Nothing but the lines from the start of the entries through the line holding "240W USB-C Charging" is to be repeated, exactly and with pictures excluded.

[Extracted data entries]
________

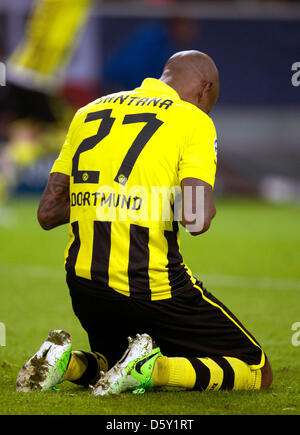 Dortmund, Deutschland. 9. April 2013. Dortmunder Felipe Santana feiert nach der UEFA Champions League Viertelfinale zweiten Bein Fußballspiel zwischen Borussia Dortmund und Malaga CF im BVB Stadion Dortmund in Dortmund, Deutschland, 9. April 2013. Foto: Bernd Thissen/Dpa/Dpa/Alamy Live News Stockfoto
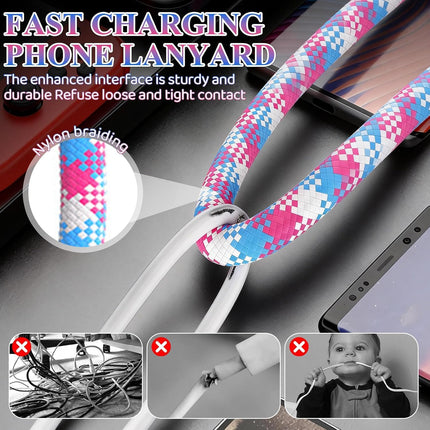 240W USB-C Charging Cable Bracelet, 5A Fast Charging Lanyard for Phones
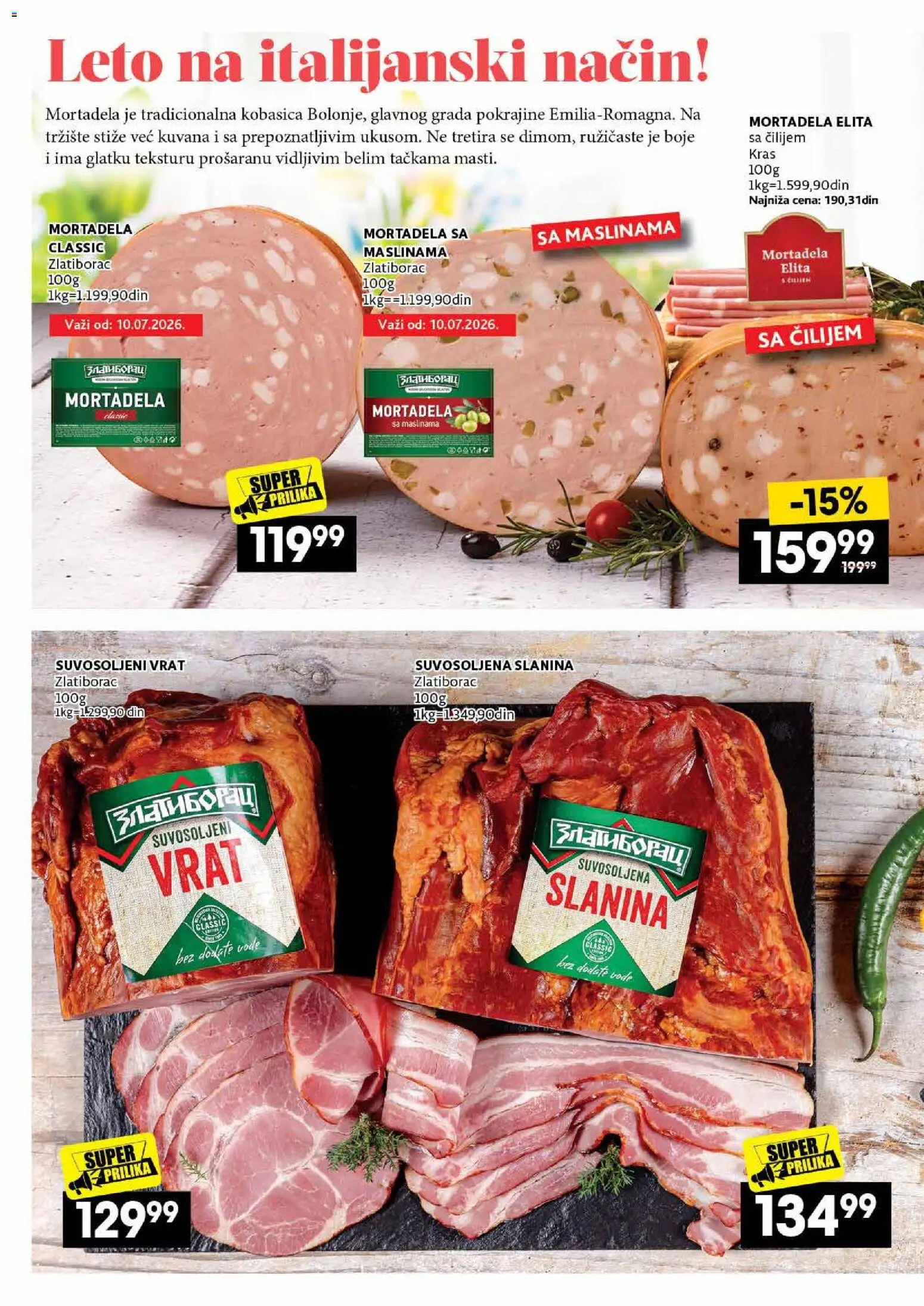 Idea katalog - važi od 02.07.2026 | Strana: 18 | Proizvode: Mortadela, Slanina, Kobasica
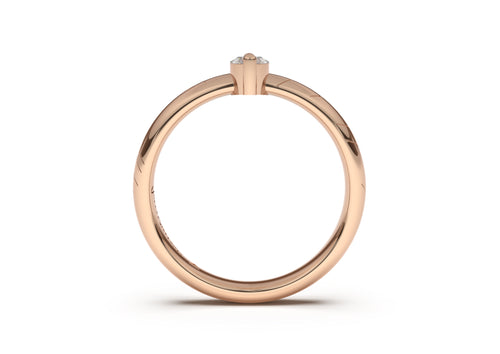 Marquise Classic Slim Elvish Engagement Ring, Red Gold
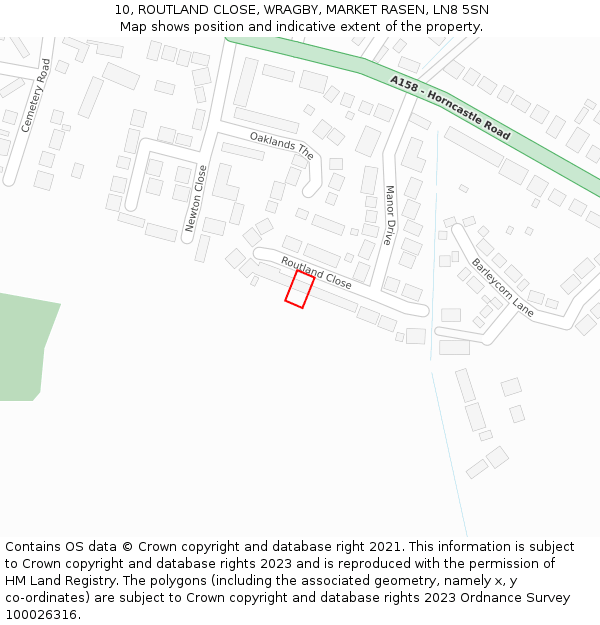 10, ROUTLAND CLOSE, WRAGBY, MARKET RASEN, LN8 5SN: Location map and indicative extent of plot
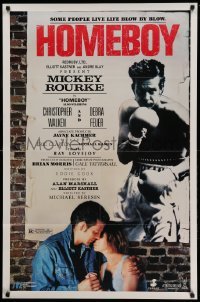 3k464 HOMEBOY 27x41 video poster '88 great images of tough boxer Mickey Rourke & Debra Feuer!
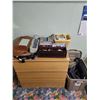 Image 1 : 2 Drawer dresser c/w contents & tote c/w blankets etc.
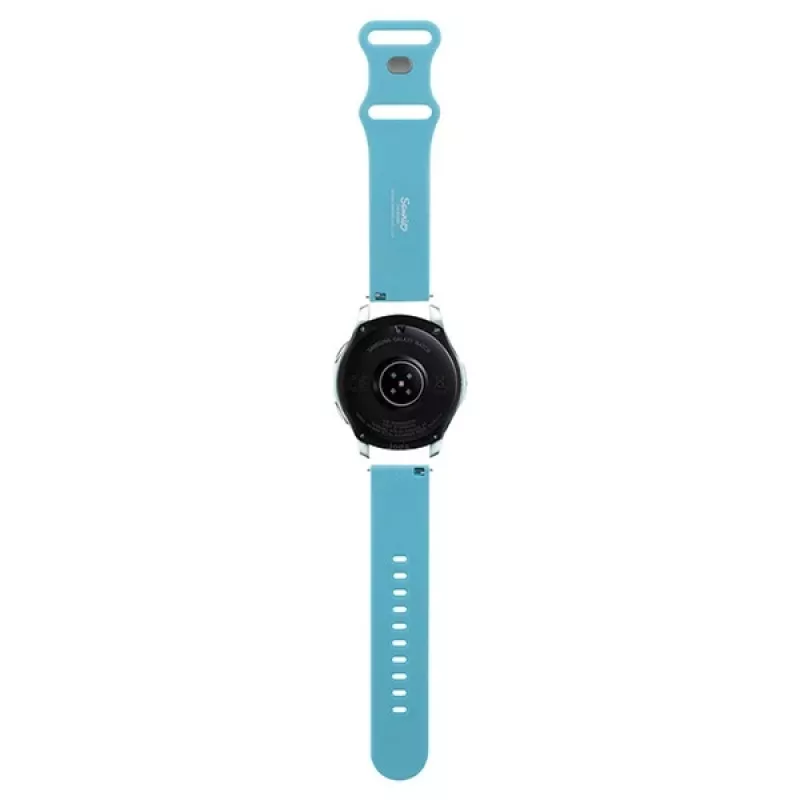 Pulseira de relógio universal Hello Kitty silicone Kitty Head azul 22mm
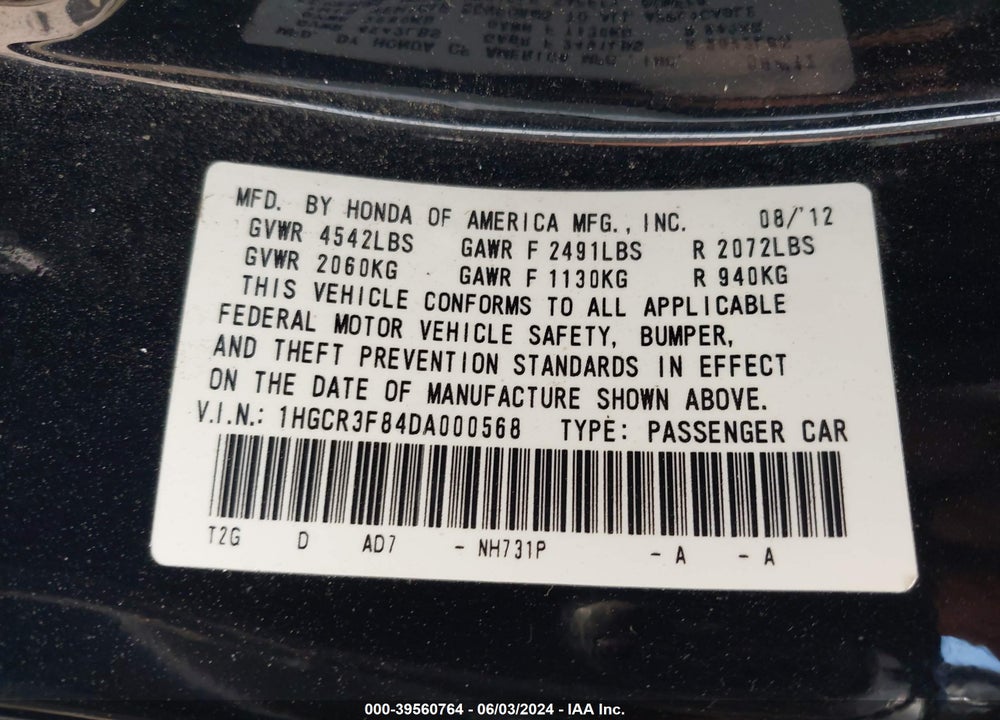2013 HONDA ACCORD EX-L V-6 VIN: 1HGCR3F84DA000568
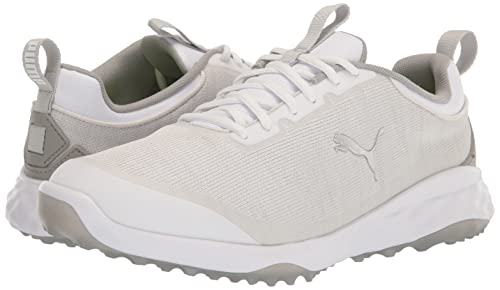 PUMA Golf Men's Fusion PRO Extra Wide Golf Shoe, Puma White-Puma Silver-High Rise, 9.5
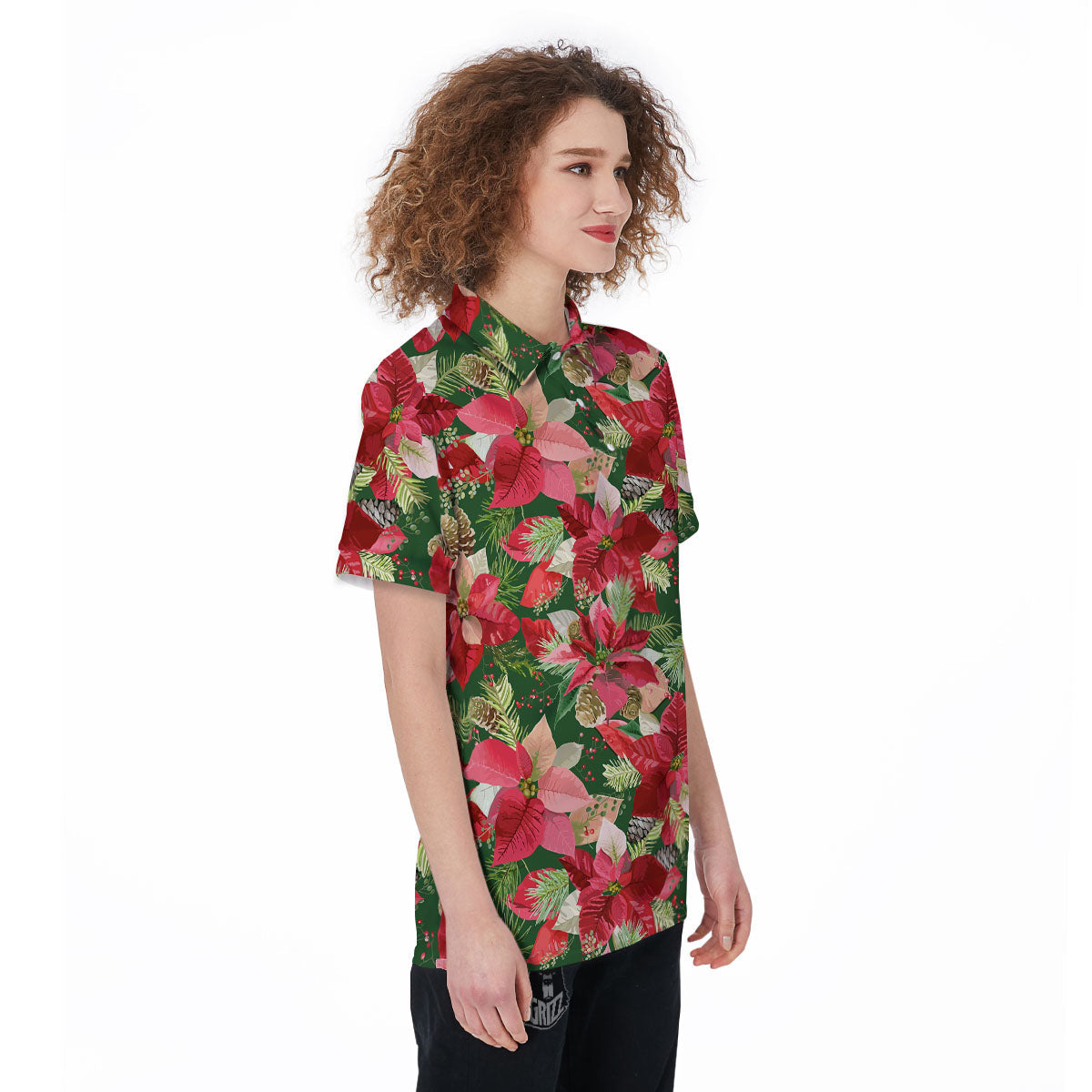 Poinsettia Christmas Vintage Print Pattern Women's Golf Shirts-grizzshop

________

**Solution for this exercise**
 Dortmund, Deutschland. 9. April 2013. Dortmunder Felipe Santana feiert nach der UEFA Champions League Viertelfinale zweiten Bein Fußballspiel zwischen Borussia Dortmund und Malaga CF im BVB Stadion Dortmund in Dortmund, Deutschland, 9. April 2013. Foto: Bernd Thissen/Dpa/Dpa/Alamy Live News Stockfoto
 240W USB-C Charging Cable Bracelet, 5A Fast Charging Lanyard for Phones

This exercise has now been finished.